Daily Prompts · {k}

I was always afraid, but lately, I can’t help feeling like I’m losing you.

archived

Timeline/World: Through the Looking Glass – Casual Lifestyles
Characters: Vanna Liao
Race: Mineralite – Jade
Age: 2 944, physically about 24
Final Word Count: 599 words


He never thought he’d hear those words from anyone. He always had felt like he was one of the most insecure souls on the whole planet, so to hear his companion speak of his recent fears of losing him had unsettled something in him in an uncomfortable way.

Having been on the run when he’d been so much younger, trying to escape from those who had used and abused him, he’d found his way to Ruby. The mineralite had helped him change, helped him become less ‘Jade’ and more beautifully golden, he’d become Vanna. Of course, it hadn’t been quite enough to throw every one of his hunters off his track but it had done a good job and the ones who still came too close, Ruby helped to deal with. He’d had peace.

Peace or not, travelling or not, Vanna had always been skittish and wary of entering in any sort of relationship, so when his current one had slowly crept up on him, he hadn’t really known what to make of it. He never settled somewhere overly long and he’d now been in this place for what did feel like a year too long but he was comfortable, happy, he felt safe for one of the first times in his life.

So his companion telling him that he felt he was losing him was a blow. Certainly, he’d always been a little on edge but since the appearance of his companion, Vanna had been sure he’d mellowed down, settled. He was aware that the ones who had abused and used him for a good part of his life were gone, either dead or now too far out of reach to do him any harm but it was hard to let go of a fear that had been a constant in his life forever.

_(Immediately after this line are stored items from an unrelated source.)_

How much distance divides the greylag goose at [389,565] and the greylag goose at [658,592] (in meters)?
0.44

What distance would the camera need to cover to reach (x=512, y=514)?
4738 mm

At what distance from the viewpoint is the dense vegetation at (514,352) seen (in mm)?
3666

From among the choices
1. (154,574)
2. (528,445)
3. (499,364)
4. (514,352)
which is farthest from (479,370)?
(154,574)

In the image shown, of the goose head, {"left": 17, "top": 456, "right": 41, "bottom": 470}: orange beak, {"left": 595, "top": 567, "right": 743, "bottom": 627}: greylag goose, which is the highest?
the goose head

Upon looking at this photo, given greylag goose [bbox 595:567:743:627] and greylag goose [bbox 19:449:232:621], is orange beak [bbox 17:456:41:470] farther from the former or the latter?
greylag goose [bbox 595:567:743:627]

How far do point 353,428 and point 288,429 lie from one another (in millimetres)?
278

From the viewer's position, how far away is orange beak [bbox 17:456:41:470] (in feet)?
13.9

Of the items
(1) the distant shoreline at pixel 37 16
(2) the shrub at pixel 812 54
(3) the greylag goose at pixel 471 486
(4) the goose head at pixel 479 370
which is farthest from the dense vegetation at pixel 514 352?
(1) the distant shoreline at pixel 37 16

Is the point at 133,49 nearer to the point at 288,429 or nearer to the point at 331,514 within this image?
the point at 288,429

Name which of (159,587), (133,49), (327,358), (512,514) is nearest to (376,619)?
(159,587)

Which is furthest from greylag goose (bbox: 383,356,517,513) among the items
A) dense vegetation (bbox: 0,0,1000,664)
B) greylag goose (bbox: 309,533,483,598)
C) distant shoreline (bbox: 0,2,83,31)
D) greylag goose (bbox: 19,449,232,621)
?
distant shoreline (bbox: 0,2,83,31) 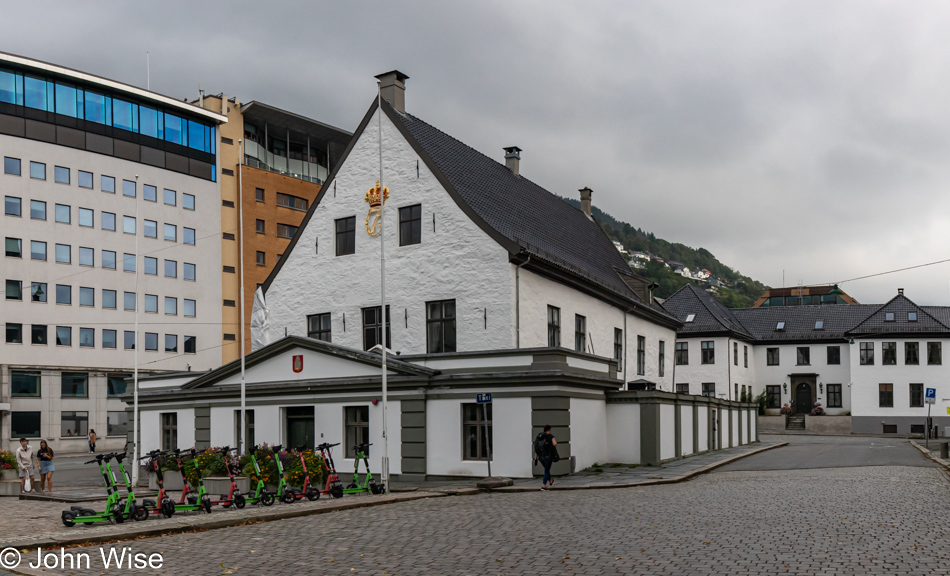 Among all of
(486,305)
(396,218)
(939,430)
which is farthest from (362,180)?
(939,430)

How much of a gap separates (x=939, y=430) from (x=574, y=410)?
47041 millimetres

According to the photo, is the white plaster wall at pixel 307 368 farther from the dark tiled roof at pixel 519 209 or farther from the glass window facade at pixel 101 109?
the glass window facade at pixel 101 109

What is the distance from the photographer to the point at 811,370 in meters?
72.0

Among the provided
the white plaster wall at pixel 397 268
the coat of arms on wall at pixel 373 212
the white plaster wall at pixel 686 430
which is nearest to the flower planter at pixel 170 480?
the white plaster wall at pixel 397 268

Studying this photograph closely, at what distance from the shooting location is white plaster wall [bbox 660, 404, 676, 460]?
30991 mm

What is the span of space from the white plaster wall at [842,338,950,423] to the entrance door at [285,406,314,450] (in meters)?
47.9

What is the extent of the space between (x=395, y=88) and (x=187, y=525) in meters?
22.8

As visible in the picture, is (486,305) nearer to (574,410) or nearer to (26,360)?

They’d talked, then. Vanna had been honest, had spoken about his past, his fears and worries, had spoken about his heritage and how it would keep him looking as he did, so long as he had his renewable sources of energy at hand and he always did in this place. There had been a lot of highs and lows following the discussion but things had settled again and he couldn’t really see or sense any fears in his companion, his partner. It had helped soothe down any still unsettled feeling and things had mostly gone back to how they’d been before.

That was, until one morning and he woke to find himself alone. The little house was quiet but he could tell there were things missing, the house felt different to him. It had felt different when his companion had moved in because the air no longer was the same, the rooms had more items to them but the house, that morning, had felt the way it had been before he’d had someone to wake up next to every morning, someone to share tender moments with, soft, tender little words.

He was on his own.

Vanna didn’t go looking. He knew there was most likely a very valid reason to this disappearance and from the fact that every item of clothing owned by the other had been packed up—meticulously, he could tell because none of his things were disturbed—he could tell that it hadn’t just happened. It hadn’t been a rushed job and he had this feeling that the packing up had most likely happened over the course of a few days. How he hadn’t noticed it, he didn’t know but it didn’t matter.

He would get used to being alone again.